Almost everyone is using AI now. Stanford’s AI Index 2026 found that 88% of organizations have adopted it in some form. Yet hardly any have AI running on its own, without a person steering it. That number is still in the low single digits.
That gap is what makes AI so hard to think about today. The headlines say you’re falling dangerously behind. The reality on the ground says almost nothing runs by itself yet. Both are true. And every expert reads them differently.
The temptation is to pick a side: go all in, or pull back. The better move is to notice that nearly everything you’re being asked to react to is a prediction. So the real question isn’t whose forecast is right. It’s whether your strategy should depend on a forecast at all.
Weather Is Not Climate
Think of it like the weather and the climate.
Weather is the daily noise: the soaring valuations, the new model launches, the “AGI is almost here” claims, the “it’s all a bubble” essays. It’s loud, dramatic, and changes by the week. Nobody can reliably predict it: not the optimists, not the pessimists, not you.
Climate is the underlying trend: AI keeps getting cheaper and more capable, year after year, through every boom and every scare. That doesn’t make headlines, because it doesn’t change between Tuesday and Thursday. But it’s what actually determines what’s possible in your business over the next few years.
You don’t sell your house because of a storm. You also don’t build one without knowing the climate it has to stand in. The common mistake is confusing the two: making a multi-year decision based on this week’s weather. Panicking at a gloomy essay is the same error as scrambling after a flashy launch. Both let a forecast you can’t trust drive a commitment you can’t easily undo.
The Bubble Is Real, but It’s Not Your Risk
Is there an AI bubble? Maybe. The money is staggering: global corporate AI investment hit roughly $580 billion in 2025, more than double the year before. A handful of giant firms control nearly the whole supply chain, from chips to apps. If a few of their assumptions turn out wrong, a lot of money is exposed at once.

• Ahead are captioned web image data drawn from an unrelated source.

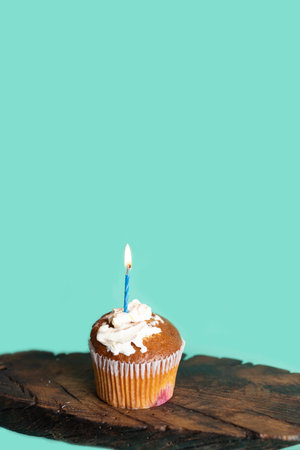tasty birthday cupcake with one candle, on blue background.の写真素材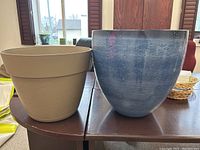 Photo showing two large flower pots placed on a wooden table indoors. Beige pot with texture on left, blue glossy pot on right.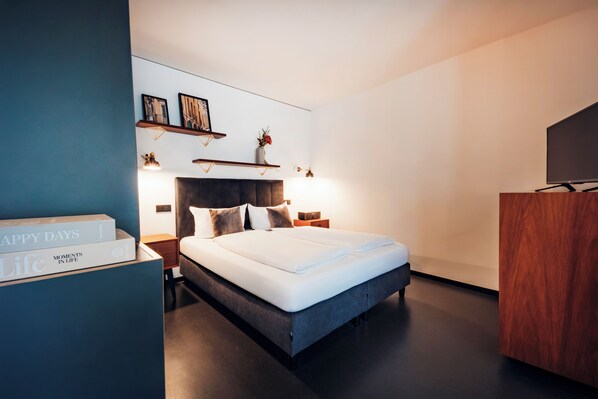 Una habitación de hotel moderna con una cama grande, mesitas de noche, un armario y un estante de pared con adornos.
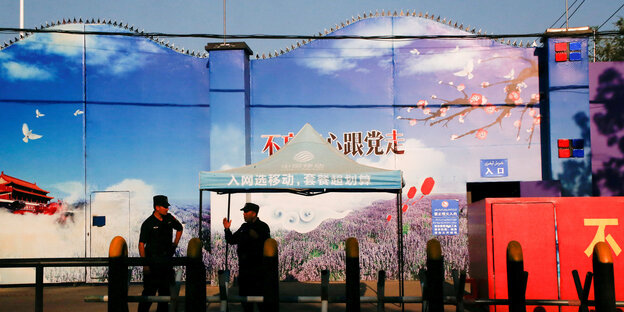 Zwei Sicherheitskräfte unterhalten sich vor der bunten Fassade eines Bildungszentrums in der chinesischen Provinz Xinjiang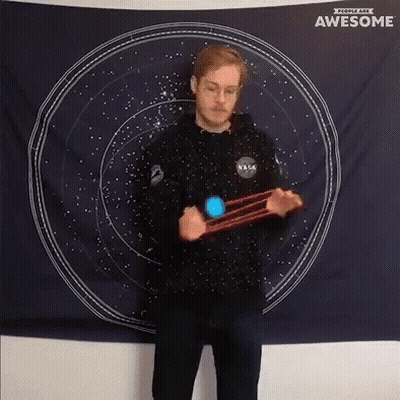 Man In NASA Shirt Spinning Yo-Yo In Front Of Awesome Tapestry GIF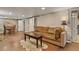 Finished basement featuring exposed brick, decorative rug, and comfortable seating area at 2716 N Vine St, Denver, CO 80205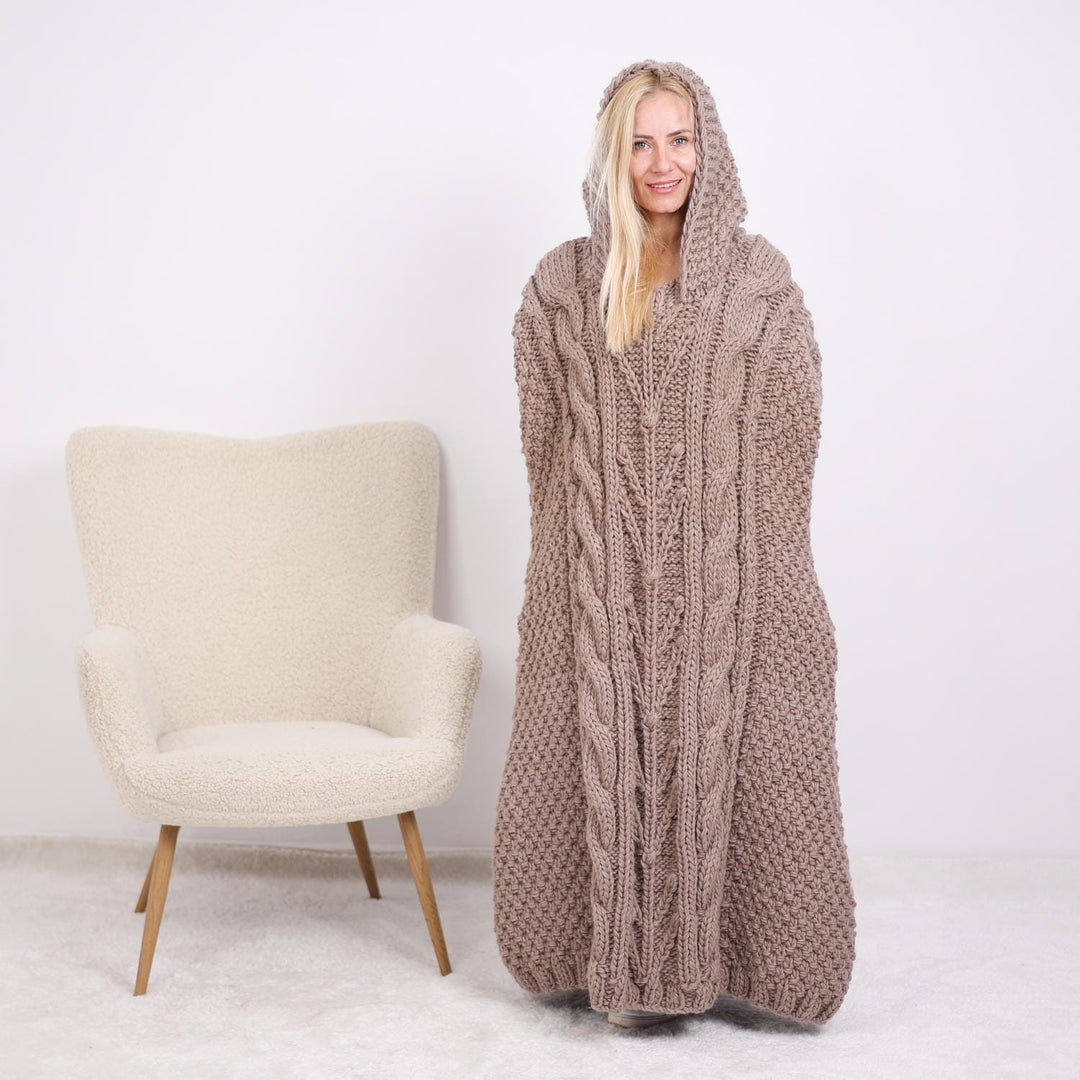 One available  Wool Poncho with cables and a hood T1896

But notice whose risk that is. It belongs to investors and vendors, the people betting on which AI labs survive and at what price. It tells you almost nothing about whether the specific, practical use of AI on your own roadmap will pay off. That’s the weather. It’s someone else’s forecast to worry about.
The Climate Is Steadily Improving
Underneath the noise, the trend is remarkably consistent. The cost of using a leading AI model fell from about $20 to $0.07 per million words of text (tokens) in roughly two years, close to 300 times cheaper. The tools keep getting better, the value people get from them is rising fast, and most of them are still free.
The lesson: don’t freeze just because something better might arrive next year. The AI in front of you today is already cheaper and more capable than it was a year ago, and it’ll be cheaper and more capable again next year. That’s the climate you’re planning for.
Why Good Teams Still Get Caught in the Rain
If the trend is so favorable, why do so many AI projects flop? Usually not because of the technology. They fail for ordinary reasons: no clear goal, so nobody can say what success looks like; no real place in the workflow, so the output goes nowhere; no rules around it, so problems surface the hard way; no clear owner, so the project quietly stalls.
It helps to know AI’s strange shape. It can be brilliant at one task and hopeless at the one right next to it. A top model can win a maths olympiad yet read an ordinary clock face correctly only about half the time. The takeaway isn’t “AI is unreliable.” It’s: point it at the things it does well, and it works for you; point it at its weak spots, and you get rained on.
Two quick examples. IKEA’s operator bought an AI tool to plan delivery routes and cut wasted driving, expecting to save around €100 million a year. Not glamorous, but focused, practical, and paying off. By contrast, MEDVi, a US telehealth platform, boasted of $1.8 billion in projected sales while collecting an FDA warning letter and lawsuits over its AI claims. That’s chasing the hype and leaving the basics behind.
How to Dress for the Climate
Five simple moves:
- Start with a real business problem, not a model. Choose uses you can measure. If you can’t measure it, it’s a science project.
- Run lots of small, cheap experiments. Expect most to fail, by design. The few winners pay for the rest.
- Set the rules before you scale. Training, data protection, and basic guardrails aren’t red tape; they’re what let you move fast without getting hurt.
- Stay flexible on vendors. The “best” model changes every few months. Keep things loosely connected so switching is an upgrade, not a rebuild.
- Plan for next year’s AI, not today’s. Today’s limits won’t last. Assume it keeps getting better, because it reliably does.
A Bursting Bubble Would Be Good News
Here’s the surprising part. If the bubble does burst, a disciplined team isn’t a victim, but a winner. Computing gets cheaper. The hype-driven waste clears out. Talent frees up. And vendors can no longer sell on buzz; they have to prove real value. A burst clears the weather. It doesn’t change the climate.
That’s why the people who win the next decade won’t be the best forecasters. Nobody can forecast the weather. The winners will be the ones who stop trying, and build something that works in any weather.